→ WORK REQUIRED
Repeat the listing exactly, minus the pictures.

→ GIVEN MATERIAL
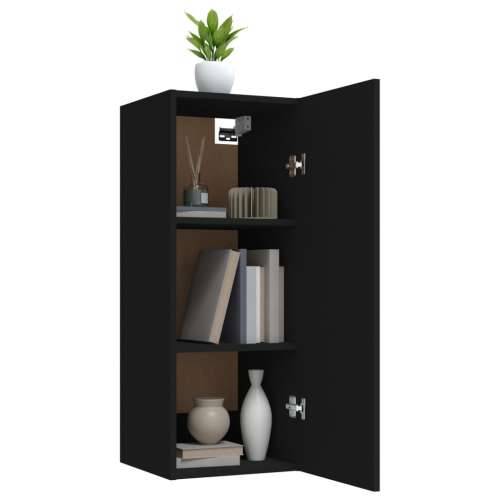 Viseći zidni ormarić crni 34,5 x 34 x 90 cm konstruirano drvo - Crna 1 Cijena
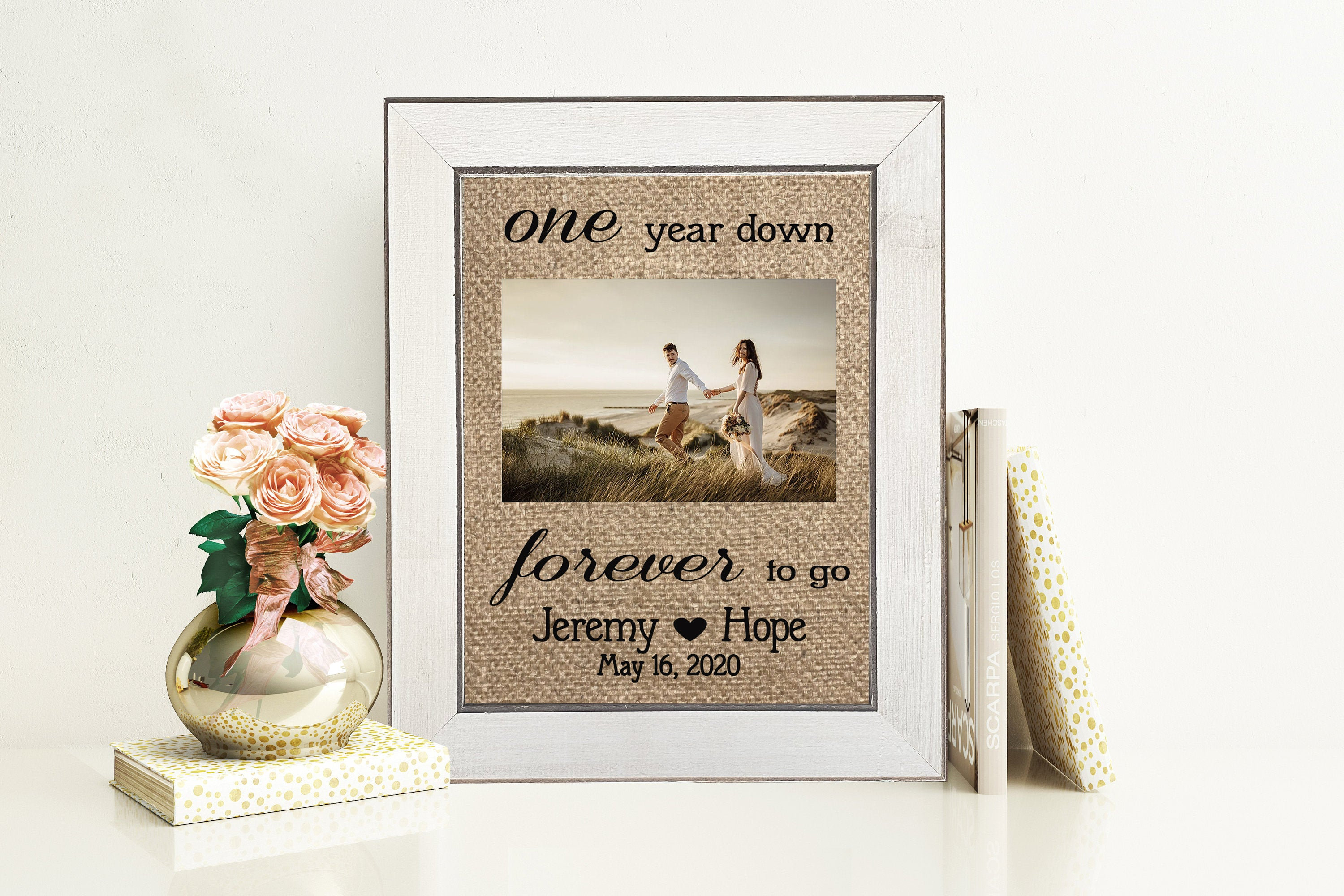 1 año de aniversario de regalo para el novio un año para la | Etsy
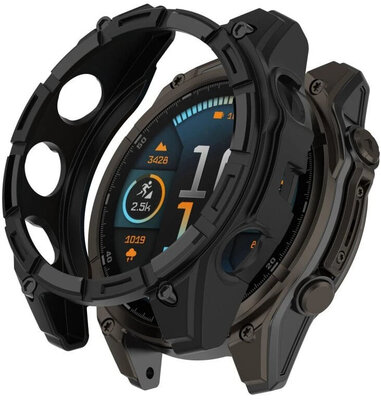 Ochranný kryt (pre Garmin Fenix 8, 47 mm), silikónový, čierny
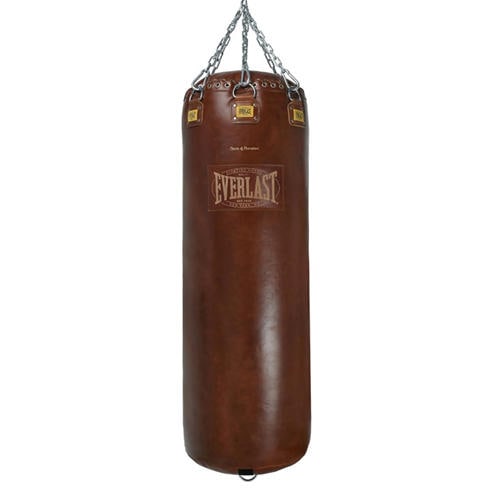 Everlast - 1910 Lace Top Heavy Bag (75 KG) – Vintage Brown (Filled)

→ ANSWER SPACE
 Viseći zidni ormarić crni 34,5 x 34 x 90 cm konstruirano drvo - Crna 1 Cijena
 1 año de aniversario de regalo para el novio un año para la | Etsy
 Ochranný kryt (pre Garmin Fenix 8, 47 mm), silikónový, čierny
 Everlast - 1910 Lace Top Heavy Bag (75 KG) – Vintage Brown (Filled)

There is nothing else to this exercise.